Die Schnelligkeit der Züge beschränkt sich nicht auf die Herstellung: 320 km/h sind künftig auch mit dem Fahrrad möglich: Erstmals wird ein derart fixer ICE mit Bike-Stellplätzen ausgestattet. Wie die Züge innen aussehen, ist übrigens weitgehend flexibel. Siemens kann oberhalb des Teppichbodens jederzeit auf Kundenwünsche reagieren - und die Kunden kommen aus aller Welt genauso wie aus der Region.
So werden die jüngsten ICE3Neo anders aussehen als die ersten zehn, die bereits zwischen Dortmund und dem Rhein-Main-Gebiet rollen. Zu erkennen sind sie am dezenten grauen Rahmen um die Waggontüren. Und daran, dass sie nicht ausfallen, so Fernverkehrschef Peterson: „Es gab keine Kinderkrankheiten.“ Er weiß: „Wenn dieser Zug nicht pünktlich kommt, liegt es nicht am Zug. Wir fahren auf Infrastruktur, die zu alt, zu voll und zu kaputt ist.“
Eigene Tabletleiste und je eine Armlehne in der ersten Klasse
Das Lob für die Züge wird Siemens-Chef Michael Peter (CEO Nobility) an die rund 2000 Mitarbeiter des Uerdinger Werks weitergeben. Zwei von ihnen bestuhlen gerade einen Wagen des ICEs. Eine Sitzbank, so schätzen die beiden Siemens-Mitarbeiter, die sie gerade behutsam im Waggon platzieren, wiegt knapp 30 Kilo. Dennoch sollen die Sitze, bezogen von Stoffen mit 80 Prozent Wollanteil bequemen Reisekomfort bieten. 900 Testpersonen durften probesitzen, auf den blauen Sitzen für die zweite Klasse genauso wie auf dem „warmen Grau“ der Erste-Klasse-Bestuhlung.
In der Rückenlehne des Vordersitzes befindet sich für alle Fahrgäste eine eigene Tabletleiste fürs Smartphone, oberhalb des herausklappbaren Tischchens. Auch die Fenster sind neu: sie lassen mehr Mobilfunk durch. Und in diesem Zusammenhang nicht unwichtig: ein kleines, stoffbezogenes Brettchen verschließt die Lücke zwischen den Lehnen. So kann der neugierige Fahrgast in der Reihe dahinter nicht zwischen den Sitzen hindurch lünkern, was Vorderfrau oder -mann auf dem Bildschirm hat.

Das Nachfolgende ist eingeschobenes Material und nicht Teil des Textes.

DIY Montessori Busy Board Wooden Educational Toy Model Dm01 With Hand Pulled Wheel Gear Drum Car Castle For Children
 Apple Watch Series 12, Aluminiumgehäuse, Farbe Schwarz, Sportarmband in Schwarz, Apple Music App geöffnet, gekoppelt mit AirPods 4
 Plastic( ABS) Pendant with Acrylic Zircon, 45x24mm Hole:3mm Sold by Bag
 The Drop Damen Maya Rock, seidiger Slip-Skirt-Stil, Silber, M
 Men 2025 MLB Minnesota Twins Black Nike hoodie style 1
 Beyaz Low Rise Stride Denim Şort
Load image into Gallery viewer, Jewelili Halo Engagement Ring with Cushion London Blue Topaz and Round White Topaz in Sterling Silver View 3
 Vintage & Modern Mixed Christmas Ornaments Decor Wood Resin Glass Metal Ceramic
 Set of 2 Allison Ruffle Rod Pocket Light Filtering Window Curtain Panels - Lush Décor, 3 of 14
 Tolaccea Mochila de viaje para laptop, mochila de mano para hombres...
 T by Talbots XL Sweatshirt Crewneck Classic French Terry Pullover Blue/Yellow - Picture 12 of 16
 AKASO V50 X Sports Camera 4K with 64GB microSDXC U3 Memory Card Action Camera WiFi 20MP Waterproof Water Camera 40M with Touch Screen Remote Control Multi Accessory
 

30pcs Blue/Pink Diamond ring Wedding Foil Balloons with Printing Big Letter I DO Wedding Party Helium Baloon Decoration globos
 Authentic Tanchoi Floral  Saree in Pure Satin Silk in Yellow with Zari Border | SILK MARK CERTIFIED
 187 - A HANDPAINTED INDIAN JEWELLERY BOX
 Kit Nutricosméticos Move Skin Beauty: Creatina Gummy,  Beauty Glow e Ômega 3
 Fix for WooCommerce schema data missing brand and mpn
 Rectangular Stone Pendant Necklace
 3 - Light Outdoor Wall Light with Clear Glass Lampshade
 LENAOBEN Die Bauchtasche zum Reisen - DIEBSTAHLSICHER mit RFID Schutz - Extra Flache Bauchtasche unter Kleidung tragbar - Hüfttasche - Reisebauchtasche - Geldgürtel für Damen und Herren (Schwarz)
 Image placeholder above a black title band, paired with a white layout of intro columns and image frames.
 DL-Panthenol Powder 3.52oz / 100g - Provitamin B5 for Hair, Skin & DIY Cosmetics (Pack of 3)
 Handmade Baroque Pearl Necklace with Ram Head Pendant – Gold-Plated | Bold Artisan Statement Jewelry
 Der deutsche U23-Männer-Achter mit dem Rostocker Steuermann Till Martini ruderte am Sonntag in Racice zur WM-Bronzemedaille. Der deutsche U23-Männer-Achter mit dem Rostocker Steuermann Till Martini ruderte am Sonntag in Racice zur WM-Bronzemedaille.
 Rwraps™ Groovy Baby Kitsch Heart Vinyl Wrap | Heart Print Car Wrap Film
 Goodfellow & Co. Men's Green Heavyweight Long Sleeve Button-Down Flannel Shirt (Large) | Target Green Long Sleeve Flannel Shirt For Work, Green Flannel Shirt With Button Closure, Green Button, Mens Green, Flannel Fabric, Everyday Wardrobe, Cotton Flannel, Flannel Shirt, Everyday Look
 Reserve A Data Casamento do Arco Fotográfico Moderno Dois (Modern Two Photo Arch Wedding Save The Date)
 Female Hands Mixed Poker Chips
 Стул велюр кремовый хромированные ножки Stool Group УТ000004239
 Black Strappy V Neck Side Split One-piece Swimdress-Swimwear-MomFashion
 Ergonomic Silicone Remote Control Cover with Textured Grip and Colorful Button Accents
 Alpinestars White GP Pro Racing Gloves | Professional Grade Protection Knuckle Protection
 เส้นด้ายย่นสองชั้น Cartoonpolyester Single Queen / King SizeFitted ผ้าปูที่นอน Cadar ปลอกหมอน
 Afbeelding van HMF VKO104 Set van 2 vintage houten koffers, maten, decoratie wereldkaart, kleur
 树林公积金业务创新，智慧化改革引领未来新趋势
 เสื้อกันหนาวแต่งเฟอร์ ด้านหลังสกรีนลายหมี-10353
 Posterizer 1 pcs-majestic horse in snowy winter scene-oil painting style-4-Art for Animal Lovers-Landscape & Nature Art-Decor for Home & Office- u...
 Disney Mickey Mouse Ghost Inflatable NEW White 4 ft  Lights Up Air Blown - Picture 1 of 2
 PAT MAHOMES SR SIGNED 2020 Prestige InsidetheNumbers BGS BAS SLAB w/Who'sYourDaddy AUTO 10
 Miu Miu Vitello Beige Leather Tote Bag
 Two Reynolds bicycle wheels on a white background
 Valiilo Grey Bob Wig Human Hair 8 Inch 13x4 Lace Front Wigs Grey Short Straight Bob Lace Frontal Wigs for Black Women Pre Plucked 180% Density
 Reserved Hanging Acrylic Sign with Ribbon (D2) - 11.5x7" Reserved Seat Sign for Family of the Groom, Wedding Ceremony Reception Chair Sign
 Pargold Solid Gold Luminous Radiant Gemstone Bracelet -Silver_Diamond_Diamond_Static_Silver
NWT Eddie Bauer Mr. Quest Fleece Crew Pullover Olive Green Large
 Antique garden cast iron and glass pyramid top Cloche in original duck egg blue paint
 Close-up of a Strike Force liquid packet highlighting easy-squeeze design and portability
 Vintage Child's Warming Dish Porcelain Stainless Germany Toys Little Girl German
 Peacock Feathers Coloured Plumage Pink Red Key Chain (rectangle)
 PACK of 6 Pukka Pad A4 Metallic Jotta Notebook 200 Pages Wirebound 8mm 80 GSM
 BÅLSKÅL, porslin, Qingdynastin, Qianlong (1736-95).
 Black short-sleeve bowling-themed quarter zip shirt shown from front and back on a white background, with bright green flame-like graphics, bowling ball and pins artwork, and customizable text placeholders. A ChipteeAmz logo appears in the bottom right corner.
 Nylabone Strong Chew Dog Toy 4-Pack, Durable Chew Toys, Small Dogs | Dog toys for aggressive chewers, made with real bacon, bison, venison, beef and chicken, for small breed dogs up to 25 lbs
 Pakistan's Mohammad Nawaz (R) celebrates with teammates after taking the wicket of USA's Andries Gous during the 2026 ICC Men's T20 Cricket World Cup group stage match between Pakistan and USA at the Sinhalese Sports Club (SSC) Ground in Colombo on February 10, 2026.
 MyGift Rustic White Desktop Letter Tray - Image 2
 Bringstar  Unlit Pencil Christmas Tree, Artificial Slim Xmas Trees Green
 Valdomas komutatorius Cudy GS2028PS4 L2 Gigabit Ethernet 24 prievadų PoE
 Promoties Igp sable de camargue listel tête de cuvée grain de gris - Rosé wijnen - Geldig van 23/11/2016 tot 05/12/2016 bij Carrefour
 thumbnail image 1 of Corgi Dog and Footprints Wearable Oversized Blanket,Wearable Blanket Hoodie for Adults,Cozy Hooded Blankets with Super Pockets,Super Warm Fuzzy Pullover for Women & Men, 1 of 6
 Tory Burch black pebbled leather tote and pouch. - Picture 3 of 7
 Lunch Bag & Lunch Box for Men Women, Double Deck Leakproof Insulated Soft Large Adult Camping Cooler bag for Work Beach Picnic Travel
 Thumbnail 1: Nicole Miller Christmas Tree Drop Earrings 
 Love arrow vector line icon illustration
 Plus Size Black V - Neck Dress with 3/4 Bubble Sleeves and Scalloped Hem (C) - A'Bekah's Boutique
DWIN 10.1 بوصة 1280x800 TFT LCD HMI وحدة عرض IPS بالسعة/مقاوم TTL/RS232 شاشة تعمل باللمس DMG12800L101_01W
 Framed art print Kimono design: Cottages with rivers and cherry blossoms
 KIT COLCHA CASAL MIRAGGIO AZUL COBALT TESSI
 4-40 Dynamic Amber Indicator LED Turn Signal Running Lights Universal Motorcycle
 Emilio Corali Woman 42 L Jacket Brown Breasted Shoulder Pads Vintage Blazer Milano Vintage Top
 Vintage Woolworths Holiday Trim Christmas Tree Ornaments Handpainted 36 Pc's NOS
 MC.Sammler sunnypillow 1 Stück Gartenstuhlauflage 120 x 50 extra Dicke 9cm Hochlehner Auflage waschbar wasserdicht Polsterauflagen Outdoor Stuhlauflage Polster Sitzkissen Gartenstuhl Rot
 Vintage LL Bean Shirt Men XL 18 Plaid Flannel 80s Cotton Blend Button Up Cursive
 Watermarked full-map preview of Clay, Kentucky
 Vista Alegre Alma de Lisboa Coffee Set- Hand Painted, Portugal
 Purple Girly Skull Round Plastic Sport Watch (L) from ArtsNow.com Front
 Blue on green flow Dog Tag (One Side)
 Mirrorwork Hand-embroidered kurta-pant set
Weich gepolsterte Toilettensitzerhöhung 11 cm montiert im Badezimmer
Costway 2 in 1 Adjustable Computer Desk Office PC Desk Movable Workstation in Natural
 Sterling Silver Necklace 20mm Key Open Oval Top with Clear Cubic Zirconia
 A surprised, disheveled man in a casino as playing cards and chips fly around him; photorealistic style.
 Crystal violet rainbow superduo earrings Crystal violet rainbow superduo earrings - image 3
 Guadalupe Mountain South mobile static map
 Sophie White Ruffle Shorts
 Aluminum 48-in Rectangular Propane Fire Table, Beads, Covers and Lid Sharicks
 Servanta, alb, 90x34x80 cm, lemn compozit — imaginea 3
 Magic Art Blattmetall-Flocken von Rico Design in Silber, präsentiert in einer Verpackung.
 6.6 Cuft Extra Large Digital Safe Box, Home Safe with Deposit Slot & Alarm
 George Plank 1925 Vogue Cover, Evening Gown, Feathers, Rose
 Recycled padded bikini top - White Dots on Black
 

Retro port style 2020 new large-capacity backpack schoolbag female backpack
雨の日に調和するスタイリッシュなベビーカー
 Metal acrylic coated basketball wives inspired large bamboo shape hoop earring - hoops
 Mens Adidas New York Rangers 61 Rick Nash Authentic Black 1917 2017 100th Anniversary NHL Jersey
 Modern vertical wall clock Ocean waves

Apropos Intimität: Wer gern etwas enger zusammensitzt, ist mit der Zweiten Klasse besser bedient. Dort, wo in der ersten Klasse zwei Armlehnen den Kampf der Ellbogen befrieden und eine hölzerne Ablage fürs Smartphone sitzt, ist in der Zweiten Klasse ein Pölsterchen.
Und so kann man dann ganz nach Wahl seiner Partnerin oder seinem Partner ins Ohr wispern: „Schatz, wusstest du übrigens, dass in jedem dieser Züge 40.000 Teile von 200 Lieferanten verbaut sind und er von 18 Kilometern Schweißnähten zusammengehalten wird? Und selbst mit Höchstgeschwindigkeit würde es eine ganze Stunde dauern, bis dieser ICE alle seine Kabel einmal entlang gefahren wäre.“ Tja, wenn bei ihm oder ihr damit nicht anzubahnen ist, hilft nur noch der Weg in den Speisewagen.